Un coup de coeur de Mollat
Le propos d'Anthony Beevor est de raconter par le menu ces combats, depuis le lancement de la grande offensive soviétique à la mi-janvier 1945 jusqu'au défilé de la victoire de l'Armée rouge, le 9 mai 1945.
Ce qui pourrait paraître rebutant de prime abord, à savoir le récit méticuleux d'une opération militaire, se révèle être une oeuvre d'un grand souffle, qui mène le lecteur à travers tous ces tragiques événements, sans que la tension ne retombe, sans que l'ennui n'ait le temps de s'installer.
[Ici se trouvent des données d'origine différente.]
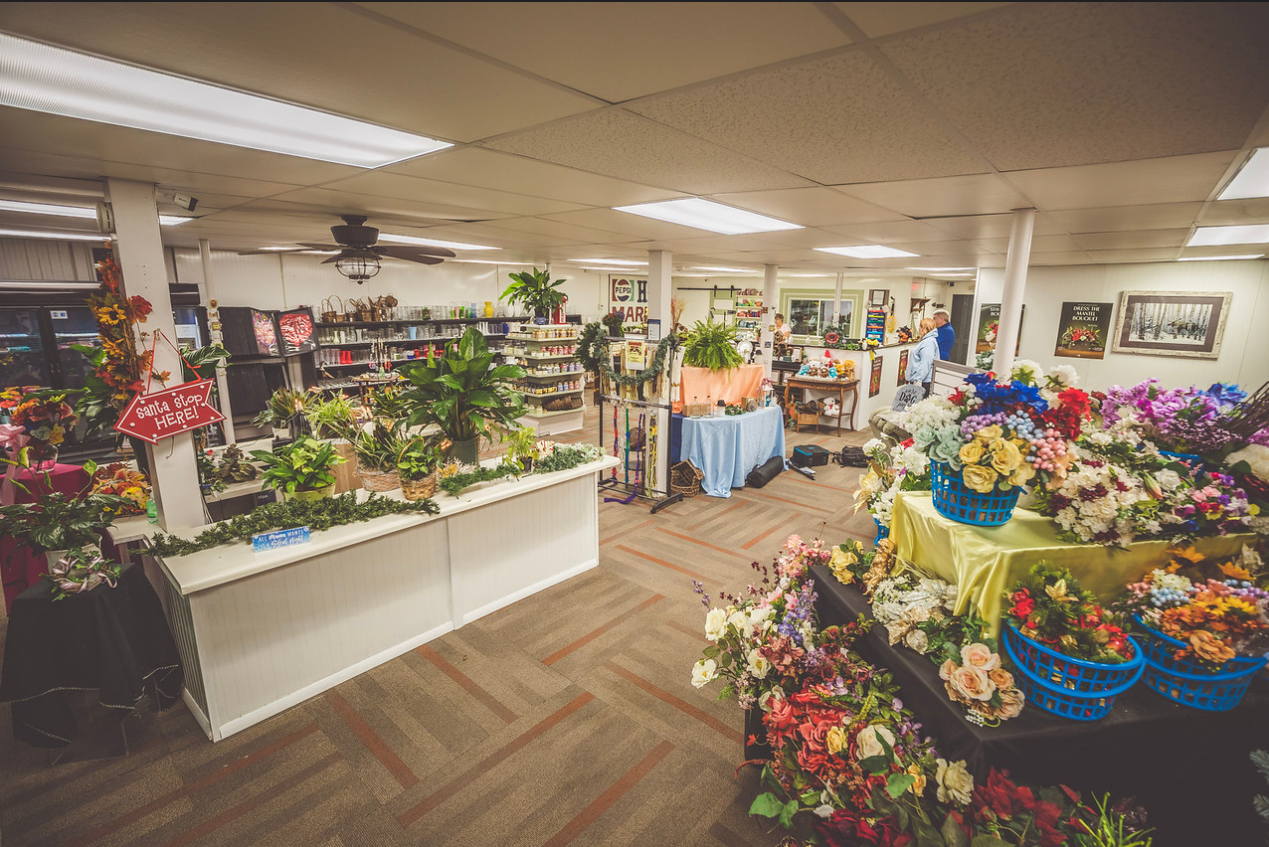 Floral Expressions By Darlene Image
Car l'auteur emploie une recette qu'il avait déjà utilisée dans son précédent ouvrage, consacré à la bataille de Stalingrad, à savoir ramener cet affrontement de titans à la taille humaine en citant en permanence journaux, lettres, témoignages ou déclarations des combattants comme des simples civils.
Antony Beevor a bénéficié de l'ouverture de certaines archives, qui lui permettent de relativiser certaines déclarations, ou de mettre à mal certains mythes, comme celui de la juste vengeance des soldats russes, après la dure occupation de la Mère Patrie par l'armée allemande ; juste vengeance qui s'avère être en fait un déferlement de violence souvent gratuite ou fortement imprégnée d'alcool, dont les premières victimes furent les femmes, qu'elles fussent allemandes, polonaises, ukrainiennes, ou russes.
Outre cet immense drame humain, du côté allemand, comme du côté russe (les hommes sacrifiés comme du bétail, l'action paranoîaque du NKVD, qui arrête ou déporte en masse, notamment ceux qu'il vient de libérer...), le livre restitue aussi le jeu de Staline qui manipule facilement les alliés, et surtout Eisenhower. On voit bien comment il prépare l'après-guerre politique en donnant des fausses informations sur ses objectifs de manière à arriver le premier à Berlin, à occuper le maximum de territoires, mais aussi l'après-guerre économique et militaire en faisant démonter les usines allemandes et en "recrutant" les savants.
Un nouvel éclairage, rasant, sur un évènement clé de la seconde guerre mondiale. Nécessaire.